Treatment of tumor-bearing mice with anti-CCL2 mAb and/or TMZ

C57BL/6 mice bearing GL261 glioma received i.p. injections of either anti-mouse CCL2 mAb or isotype control IgG twice weekly starting on day 7 after tumor cell inoculation (2 mg/kg/dose) for up to 8 weeks. SCID mice bearing U87 glioma received i.p. injections of anti-mouse CCL2 mAb, anti-human CCL2 mAb, or both anti-mouse and anti-human CCL2 mAbs, or control IgG(s) twice weekly starting on day 7 after tumor cell inoculation (2 mg/kg/dose for each mAb) for up to 8 weeks. Some glioma-bearing mice received i.p. injections of TMZ (800 μg in 100 μl PBS per dose) or control PBS every 2 days for 4 times starting from day 7 for a total of 3 cycles with 2 week intervals. Survival was determined as the number of days from tumor cell inoculation to the day that animals had to be euthanized due to clinical manifestations, such as hemiparesis, hunch-back, seizures, loss of weight (>20%), loss of appetite, neurological signs indicative of autoimmunity, among others.

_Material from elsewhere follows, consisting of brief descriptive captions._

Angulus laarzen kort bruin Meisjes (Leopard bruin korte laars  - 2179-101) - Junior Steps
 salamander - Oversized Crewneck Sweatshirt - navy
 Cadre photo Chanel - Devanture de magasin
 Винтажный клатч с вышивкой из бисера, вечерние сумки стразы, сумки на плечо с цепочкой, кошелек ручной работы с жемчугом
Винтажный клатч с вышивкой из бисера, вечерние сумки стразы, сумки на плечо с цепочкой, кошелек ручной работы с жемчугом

Vaccinations with synthetic peptides encoding glioma-associated antigen (GAA)-epitopes and intramuscular (i.m.) injection of polyinosinic-polycytidylic acid stabilized by lysine and carboxymethylcellulose (poly-ICLC)

The procedures have been described in our previous publications [29, 30]. Briefly, glioma-bearing animals received subcutaneous (s.c.) vaccinations with 100 μg of Hepatitis B virus (HBV) core128–140 and GAA peptides, 100 μg each of hgp10025–33, mEphA2682–689, mEphA2671–679, mTRP2180–188, and mGARC-177–85, emulsified in incomplete Freund Adjuvant (IFA) (Difco Laboratories, Detroit, Michigan, MI) on days 2, 12 and 22 after tumor inoculation. Some animals also received i.p. injections of either anti-mouse CCL2 mAb or isotype control IgG twice weekly starting on day 7 after tumor cell inoculation (2 mg/kg/dose) for up to 8 weeks. Negative control mock vaccines consisted of 100 μg of HBV core128–140 but without GAA-peptides emulsified in IFA. Poly-ICLC (kindly provided by Dr. Andres M. Salazar, Oncovir Inc, Washington, DC; 20 μg/injection in 20 μl) or mock control PBS (20 μl) was i.m. injected twice a week starting on day 2 till day 30 after tumor inoculation. All animals were monitored daily after treatment. Symptom-free survival was monitored as the primary endpoint.

Isolation of brain-infiltrating leukocytes (BILs)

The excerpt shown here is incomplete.